WORK INSTRUCTION:
The exercise calls for a faithful copy of all the data.
#####
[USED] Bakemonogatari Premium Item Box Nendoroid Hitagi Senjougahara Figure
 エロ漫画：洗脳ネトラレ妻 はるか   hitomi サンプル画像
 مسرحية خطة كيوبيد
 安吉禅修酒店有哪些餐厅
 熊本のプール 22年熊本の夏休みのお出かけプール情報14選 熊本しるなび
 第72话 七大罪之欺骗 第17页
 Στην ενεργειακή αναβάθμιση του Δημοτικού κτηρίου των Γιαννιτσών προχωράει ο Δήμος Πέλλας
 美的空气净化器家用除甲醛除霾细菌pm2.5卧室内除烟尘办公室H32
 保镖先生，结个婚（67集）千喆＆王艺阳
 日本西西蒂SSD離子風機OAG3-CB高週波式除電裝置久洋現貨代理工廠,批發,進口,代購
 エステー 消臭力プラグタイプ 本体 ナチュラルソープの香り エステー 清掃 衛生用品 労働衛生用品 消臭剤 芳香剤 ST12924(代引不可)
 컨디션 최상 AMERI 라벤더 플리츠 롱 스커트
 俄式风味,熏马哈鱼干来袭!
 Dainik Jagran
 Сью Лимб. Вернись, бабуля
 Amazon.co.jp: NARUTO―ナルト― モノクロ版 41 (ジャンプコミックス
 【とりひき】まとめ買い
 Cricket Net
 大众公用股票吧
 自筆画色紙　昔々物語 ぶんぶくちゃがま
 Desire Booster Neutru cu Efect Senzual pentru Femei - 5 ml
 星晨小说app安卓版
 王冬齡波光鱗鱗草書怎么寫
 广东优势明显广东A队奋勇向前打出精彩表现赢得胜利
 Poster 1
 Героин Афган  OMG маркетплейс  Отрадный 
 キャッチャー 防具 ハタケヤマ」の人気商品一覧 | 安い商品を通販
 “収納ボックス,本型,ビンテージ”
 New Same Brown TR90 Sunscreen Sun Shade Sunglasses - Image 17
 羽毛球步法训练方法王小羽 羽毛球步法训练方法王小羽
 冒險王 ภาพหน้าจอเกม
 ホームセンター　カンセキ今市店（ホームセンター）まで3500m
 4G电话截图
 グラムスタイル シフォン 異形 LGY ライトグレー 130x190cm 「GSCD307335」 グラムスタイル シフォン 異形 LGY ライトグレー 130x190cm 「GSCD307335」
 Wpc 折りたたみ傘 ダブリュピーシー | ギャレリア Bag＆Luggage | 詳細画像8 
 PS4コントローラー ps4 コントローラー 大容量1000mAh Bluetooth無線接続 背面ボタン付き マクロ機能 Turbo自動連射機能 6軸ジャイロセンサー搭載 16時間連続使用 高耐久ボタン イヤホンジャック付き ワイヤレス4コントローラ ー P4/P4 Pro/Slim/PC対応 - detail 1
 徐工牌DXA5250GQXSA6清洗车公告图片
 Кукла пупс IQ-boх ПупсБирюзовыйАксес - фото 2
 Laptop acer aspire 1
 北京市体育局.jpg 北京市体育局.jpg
#####
RESPONSE:
[USED] Bakemonogatari Premium Item Box Nendoroid Hitagi Senjougahara Figure
 エロ漫画：洗脳ネトラレ妻 はるか   hitomi サンプル画像
 مسرحية خطة كيوبيد
 安吉禅修酒店有哪些餐厅
 熊本のプール 22年熊本の夏休みのお出かけプール情報14選 熊本しるなび
 第72话 七大罪之欺骗 第17页
 Στην ενεργειακή αναβάθμιση του Δημοτικού κτηρίου των Γιαννιτσών προχωράει ο Δήμος Πέλλας
 美的空气净化器家用除甲醛除霾细菌pm2.5卧室内除烟尘办公室H32
 保镖先生，结个婚（67集）千喆＆王艺阳
 日本西西蒂SSD離子風機OAG3-CB高週波式除電裝置久洋現貨代理工廠,批發,進口,代購
 エステー 消臭力プラグタイプ 本体 ナチュラルソープの香り エステー 清掃 衛生用品 労働衛生用品 消臭剤 芳香剤 ST12924(代引不可)
 컨디션 최상 AMERI 라벤더 플리츠 롱 스커트
 俄式风味,熏马哈鱼干来袭!
 Dainik Jagran
 Сью Лимб. Вернись, бабуля
 Amazon.co.jp: NARUTO―ナルト― モノクロ版 41 (ジャンプコミックス
 【とりひき】まとめ買い
 Cricket Net
 大众公用股票吧
 自筆画色紙　昔々物語 ぶんぶくちゃがま
 Desire Booster Neutru cu Efect Senzual pentru Femei - 5 ml
 星晨小说app安卓版
 王冬齡波光鱗鱗草書怎么寫
 广东优势明显广东A队奋勇向前打出精彩表现赢得胜利
 Poster 1
 Героин Афган  OMG маркетплейс  Отрадный 
 キャッチャー 防具 ハタケヤマ」の人気商品一覧 | 安い商品を通販
 “収納ボックス,本型,ビンテージ”
 New Same Brown TR90 Sunscreen Sun Shade Sunglasses - Image 17
 羽毛球步法训练方法王小羽 羽毛球步法训练方法王小羽
 冒險王 ภาพหน้าจอเกม
 ホームセンター　カンセキ今市店（ホームセンター）まで3500m
 4G电话截图
 グラムスタイル シフォン 異形 LGY ライトグレー 130x190cm 「GSCD307335」 グラムスタイル シフォン 異形 LGY ライトグレー 130x190cm 「GSCD307335」
 Wpc 折りたたみ傘 ダブリュピーシー | ギャレリア Bag＆Luggage | 詳細画像8 
 PS4コントローラー ps4 コントローラー 大容量1000mAh Bluetooth無線接続 背面ボタン付き マクロ機能 Turbo自動連射機能 6軸ジャイロセンサー搭載 16時間連続使用 高耐久ボタン イヤホンジャック付き ワイヤレス4コントローラ ー P4/P4 Pro/Slim/PC対応 - detail 1
 徐工牌DXA5250GQXSA6清洗车公告图片
 Кукла пупс IQ-boх ПупсБирюзовыйАксес - фото 2
 Laptop acer aspire 1
 北京市体育局.jpg 北京市体育局.jpg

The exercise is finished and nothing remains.